ADVERTISING - SOCIAL MEDIA OR SOCIAL COMMENT MEDIA?
Last week the world of advertising and the real world collided big time. On the one hand advertisers such as Pepsi and Baby Dove climbed over the fence and into the dangerous territory of social comment. On the other, Google and YouTube were under increasing pressure from advertisers who did not want their shiny messages and images alongside the darker ones promoting terrorism.
Much has been said, written but mainly tweeted about the Pepsi ad. That this was the main cause of uproar ahead of the Syrian crisis reflects pretty poorly on the values of ‘World2017’. Having said that, it was a pretty hideous piece of misconceived thinking. The only way to enjoy the nauseatingly trite images of Kendall Jenner having her ‘come to Damascus’ moment was with a can of Coke in your hand. How many people involved in the process saw the script, knew the idea, approved the budgets, worked on the production, did the editing and didn’t say a thing?
You’re all culpable.
That the ad was produced in-house should prove a valuable lesson for Clients who think that this arrangement has any advantages be they operational or creative. Using an outside agency gives you the one vital weapon which would have avoided the Pepsi disaster – perspective. Meanwhile, Baby Dove poked away at sensitive moral places with their campaign featuring a model created from data and programmes. The Sun fell for it and jumped up and down and waved its little fists with self-righteous approbation. Then looked suitably silly when someone walked past an editor’s meeting and said ‘she’s not real you know. That’s the point’. I would have paid top dollar for a ticket to that event, faces as red as their masthead. Of course Dove have a proud history of championing non-model like models from the beginnings of their Real Beauty campaign. This latest iteration was very smart, too smart for The Sun who failed their readers badly by being taken in and therefore associating their readership in the ignorance. Not a bright move.
We do a lot of work in the Beauty category not just in the design and communications sense but by being involved in the wider trends and issues which influence the sector. The Baby Dove campaign is the logical conclusion of a move towards more openness and honesty when people, especially young women, are exposed to imagery which they might aspire to. Obviously Clients wish the products which they have invested heavily in, and which they believe in, to be seen in the best possible light. And lighting. However the world is more transparent these days and all the better for it.
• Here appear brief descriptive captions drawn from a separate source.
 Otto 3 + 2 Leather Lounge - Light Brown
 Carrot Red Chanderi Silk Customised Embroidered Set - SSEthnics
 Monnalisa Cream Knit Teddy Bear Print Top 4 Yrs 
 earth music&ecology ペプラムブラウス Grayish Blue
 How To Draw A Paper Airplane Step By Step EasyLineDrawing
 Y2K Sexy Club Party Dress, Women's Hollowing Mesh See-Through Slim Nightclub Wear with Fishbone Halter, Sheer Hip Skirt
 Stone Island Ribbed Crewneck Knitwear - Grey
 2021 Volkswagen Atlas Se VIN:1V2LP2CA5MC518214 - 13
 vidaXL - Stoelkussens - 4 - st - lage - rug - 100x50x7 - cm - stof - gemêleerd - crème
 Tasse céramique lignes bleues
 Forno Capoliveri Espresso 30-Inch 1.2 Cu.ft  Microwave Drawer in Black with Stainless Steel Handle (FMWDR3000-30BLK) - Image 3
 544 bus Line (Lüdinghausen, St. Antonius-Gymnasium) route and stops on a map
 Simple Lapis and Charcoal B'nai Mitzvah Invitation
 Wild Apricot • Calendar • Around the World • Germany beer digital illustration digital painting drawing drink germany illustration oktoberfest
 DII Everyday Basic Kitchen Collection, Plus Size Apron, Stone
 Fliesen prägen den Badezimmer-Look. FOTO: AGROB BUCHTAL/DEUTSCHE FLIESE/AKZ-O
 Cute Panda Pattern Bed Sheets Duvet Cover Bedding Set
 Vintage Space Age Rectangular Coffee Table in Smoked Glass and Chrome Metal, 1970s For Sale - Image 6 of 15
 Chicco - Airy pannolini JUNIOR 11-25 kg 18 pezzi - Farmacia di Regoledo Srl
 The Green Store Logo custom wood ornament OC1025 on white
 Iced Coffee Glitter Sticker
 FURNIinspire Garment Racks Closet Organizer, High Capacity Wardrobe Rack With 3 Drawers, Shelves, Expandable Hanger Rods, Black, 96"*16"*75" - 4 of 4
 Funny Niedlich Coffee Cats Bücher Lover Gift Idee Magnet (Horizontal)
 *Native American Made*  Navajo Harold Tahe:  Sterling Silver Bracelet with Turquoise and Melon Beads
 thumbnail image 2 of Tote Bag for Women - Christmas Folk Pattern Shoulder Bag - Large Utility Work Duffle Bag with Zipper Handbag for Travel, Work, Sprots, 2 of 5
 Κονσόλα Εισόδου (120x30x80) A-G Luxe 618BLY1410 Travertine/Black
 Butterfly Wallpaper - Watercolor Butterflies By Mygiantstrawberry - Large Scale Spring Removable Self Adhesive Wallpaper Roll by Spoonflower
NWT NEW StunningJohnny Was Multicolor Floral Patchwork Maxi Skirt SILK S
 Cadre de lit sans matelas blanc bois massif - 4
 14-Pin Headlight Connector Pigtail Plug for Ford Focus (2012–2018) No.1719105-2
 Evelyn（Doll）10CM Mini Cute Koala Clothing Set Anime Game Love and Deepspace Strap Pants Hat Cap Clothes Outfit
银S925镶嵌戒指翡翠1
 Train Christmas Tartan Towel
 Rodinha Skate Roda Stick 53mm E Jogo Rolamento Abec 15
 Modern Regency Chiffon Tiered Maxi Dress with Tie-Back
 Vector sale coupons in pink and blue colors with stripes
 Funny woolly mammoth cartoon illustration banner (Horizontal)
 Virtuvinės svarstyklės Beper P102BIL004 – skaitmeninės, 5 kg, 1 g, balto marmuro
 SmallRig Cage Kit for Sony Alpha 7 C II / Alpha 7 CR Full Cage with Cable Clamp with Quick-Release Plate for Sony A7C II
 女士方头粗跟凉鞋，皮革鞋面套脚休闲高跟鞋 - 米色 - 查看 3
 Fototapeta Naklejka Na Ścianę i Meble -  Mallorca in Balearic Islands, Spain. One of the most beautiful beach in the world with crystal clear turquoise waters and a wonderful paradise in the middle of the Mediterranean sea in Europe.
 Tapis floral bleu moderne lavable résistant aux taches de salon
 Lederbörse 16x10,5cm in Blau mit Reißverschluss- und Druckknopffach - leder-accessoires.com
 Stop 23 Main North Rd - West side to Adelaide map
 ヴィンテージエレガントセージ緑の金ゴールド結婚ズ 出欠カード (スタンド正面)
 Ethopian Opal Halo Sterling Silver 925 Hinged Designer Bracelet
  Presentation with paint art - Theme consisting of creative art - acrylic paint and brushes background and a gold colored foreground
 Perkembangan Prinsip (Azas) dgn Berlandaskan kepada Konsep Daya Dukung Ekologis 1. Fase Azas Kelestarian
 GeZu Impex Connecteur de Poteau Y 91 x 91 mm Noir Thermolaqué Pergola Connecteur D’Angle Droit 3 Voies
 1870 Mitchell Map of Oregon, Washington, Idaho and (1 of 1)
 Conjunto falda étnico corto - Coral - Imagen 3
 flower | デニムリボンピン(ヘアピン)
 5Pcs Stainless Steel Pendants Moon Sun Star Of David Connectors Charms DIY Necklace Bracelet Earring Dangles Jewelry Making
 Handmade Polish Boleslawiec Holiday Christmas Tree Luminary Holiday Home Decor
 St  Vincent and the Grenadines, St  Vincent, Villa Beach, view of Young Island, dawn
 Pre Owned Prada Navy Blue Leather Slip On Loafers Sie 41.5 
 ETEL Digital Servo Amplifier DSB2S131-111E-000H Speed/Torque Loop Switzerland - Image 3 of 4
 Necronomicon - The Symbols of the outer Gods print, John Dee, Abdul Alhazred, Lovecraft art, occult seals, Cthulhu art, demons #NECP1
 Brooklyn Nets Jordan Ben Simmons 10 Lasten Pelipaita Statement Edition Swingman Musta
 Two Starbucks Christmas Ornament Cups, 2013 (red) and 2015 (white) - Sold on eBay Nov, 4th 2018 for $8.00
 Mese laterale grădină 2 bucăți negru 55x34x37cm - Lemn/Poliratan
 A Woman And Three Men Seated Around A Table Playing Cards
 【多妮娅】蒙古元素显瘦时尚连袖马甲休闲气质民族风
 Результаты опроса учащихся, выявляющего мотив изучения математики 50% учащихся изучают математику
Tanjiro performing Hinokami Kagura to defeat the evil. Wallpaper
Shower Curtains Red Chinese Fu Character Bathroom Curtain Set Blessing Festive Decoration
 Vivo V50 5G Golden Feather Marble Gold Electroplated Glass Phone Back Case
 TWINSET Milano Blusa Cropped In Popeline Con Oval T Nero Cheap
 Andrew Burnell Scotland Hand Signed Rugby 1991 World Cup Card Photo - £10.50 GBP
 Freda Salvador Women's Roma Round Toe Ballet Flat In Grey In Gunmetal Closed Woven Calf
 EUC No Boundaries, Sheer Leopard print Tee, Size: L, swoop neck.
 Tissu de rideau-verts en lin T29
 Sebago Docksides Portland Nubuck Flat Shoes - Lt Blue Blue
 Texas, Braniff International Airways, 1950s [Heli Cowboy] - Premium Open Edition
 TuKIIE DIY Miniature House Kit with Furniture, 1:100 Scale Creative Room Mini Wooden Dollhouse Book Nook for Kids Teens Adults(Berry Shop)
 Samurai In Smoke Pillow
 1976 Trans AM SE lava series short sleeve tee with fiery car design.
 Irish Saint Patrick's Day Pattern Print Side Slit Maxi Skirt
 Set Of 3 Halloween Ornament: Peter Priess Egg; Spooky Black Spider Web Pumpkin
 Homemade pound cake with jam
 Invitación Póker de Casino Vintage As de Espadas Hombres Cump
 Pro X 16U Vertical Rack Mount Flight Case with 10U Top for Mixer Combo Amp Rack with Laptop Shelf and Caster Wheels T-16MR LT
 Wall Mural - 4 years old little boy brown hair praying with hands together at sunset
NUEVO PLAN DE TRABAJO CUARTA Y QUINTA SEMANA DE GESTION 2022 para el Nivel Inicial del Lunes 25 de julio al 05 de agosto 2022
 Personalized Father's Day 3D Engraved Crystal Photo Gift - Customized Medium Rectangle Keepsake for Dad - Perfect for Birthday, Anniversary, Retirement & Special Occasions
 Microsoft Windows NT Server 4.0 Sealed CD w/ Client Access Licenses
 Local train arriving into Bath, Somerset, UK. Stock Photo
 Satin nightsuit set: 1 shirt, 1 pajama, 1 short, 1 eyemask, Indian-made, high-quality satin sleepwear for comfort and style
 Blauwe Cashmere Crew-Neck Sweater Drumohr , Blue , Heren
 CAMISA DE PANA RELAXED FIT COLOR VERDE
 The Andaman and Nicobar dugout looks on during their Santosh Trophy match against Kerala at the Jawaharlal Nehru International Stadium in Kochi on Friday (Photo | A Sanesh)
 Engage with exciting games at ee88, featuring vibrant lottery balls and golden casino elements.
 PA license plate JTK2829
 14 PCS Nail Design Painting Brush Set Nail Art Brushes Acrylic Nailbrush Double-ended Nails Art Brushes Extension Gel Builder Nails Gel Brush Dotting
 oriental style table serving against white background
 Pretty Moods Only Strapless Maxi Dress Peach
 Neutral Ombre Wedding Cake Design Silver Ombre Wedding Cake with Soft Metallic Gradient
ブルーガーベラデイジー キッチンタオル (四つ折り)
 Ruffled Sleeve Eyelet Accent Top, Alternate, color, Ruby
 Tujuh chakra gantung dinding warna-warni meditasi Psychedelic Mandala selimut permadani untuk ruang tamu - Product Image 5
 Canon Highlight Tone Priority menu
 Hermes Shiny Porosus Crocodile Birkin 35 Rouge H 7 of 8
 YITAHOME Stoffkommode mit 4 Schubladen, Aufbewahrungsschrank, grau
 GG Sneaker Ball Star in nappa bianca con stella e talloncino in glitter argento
In the last seven days, advertising has been poking its beak in things that might not be its business, that business being to promote Clients’ products.
The dilemma is that advertising is immensely influential and the vast budgets allow a tidal wave of messages to crash onto the public every second of the day and in every conceivable channel. Why shouldn’t all that communication be used to communicate positive social messages as long as it is done with intelligence, compassion and creativity? And with the caveat that the product actually has the right to carry these kind of messages. A sugary can of carbonated water probably doesn’t have a license for that kind of thing. Advertising decorates the walls of our lives. So, in a way, maybe advertising has a social duty which it should address before it starts trying to usurp the role of the United Nations.
If people are going to be surrounded by promotional messages in their daily lives, at least make them entertaining, inspiring or beautiful. Preferably all three. For better or for worse, Advertising, design and communciations are part of our environment both real and virtual.
Everyone in the creative industries should be doing their bit to make that environment a nice place to live.